Where an insurance policy requires parties’ appraisers to be “disinterested,” do you think their attorney can serve as their appraiser? Not according to a recent opinion from Florida’s Fifth District Court of Appeal.1

Florida Insurance Guaranty Association (“FIGA”) appealed a trial court order compelling appraisal for the policyholders in a dispute over damages in a sinkhole loss. The case on appeal involved, in part, whether the policyholders selected an appraiser that could serve as their appraiser. The trial court had ordered the claim to appraisal and allowed the policyholders to have their attorney act as their appraiser.

In a short opinion, the appellate court essentially said the claim can proceed to appraisal, but the policyholders cannot have their attorney act as their appraiser.

The Court held that:

Given the duty of loyalty owed by an attorney to a client, we conclude that attorneys may not serve as their clients’ arbitrators or appraisers when ‘disinterested’ arbitrators or appraisers are bargained for.

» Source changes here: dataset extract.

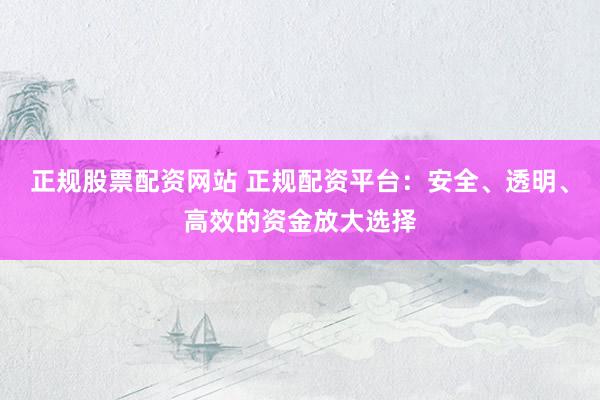 正规股票配资网站 正规配资平台：安全、透明、高效的资金放大选择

Court opinions in many jurisdictions seem to place a lot of emphasis on the word “disinterested” when used in appraisal provisions. If you look up the definition of the term “disinterested,” do you think most parties’ appraisers are “disinterested?” The definition means more than being unbiased. It means “having no desire to know about a particular thing.”2 Would you want someone meeting that definition to be your appraiser? Do you think when parties hire an appraiser—even if they agree to pay them on an hourly or flat fee contract—that they really are truly unbiased—if that is how you define or interpret the term “disinterested”?


1 FIGA v. Hanse, 2014 WL 6488882 (Fla. 5th DCA November 21, 2014).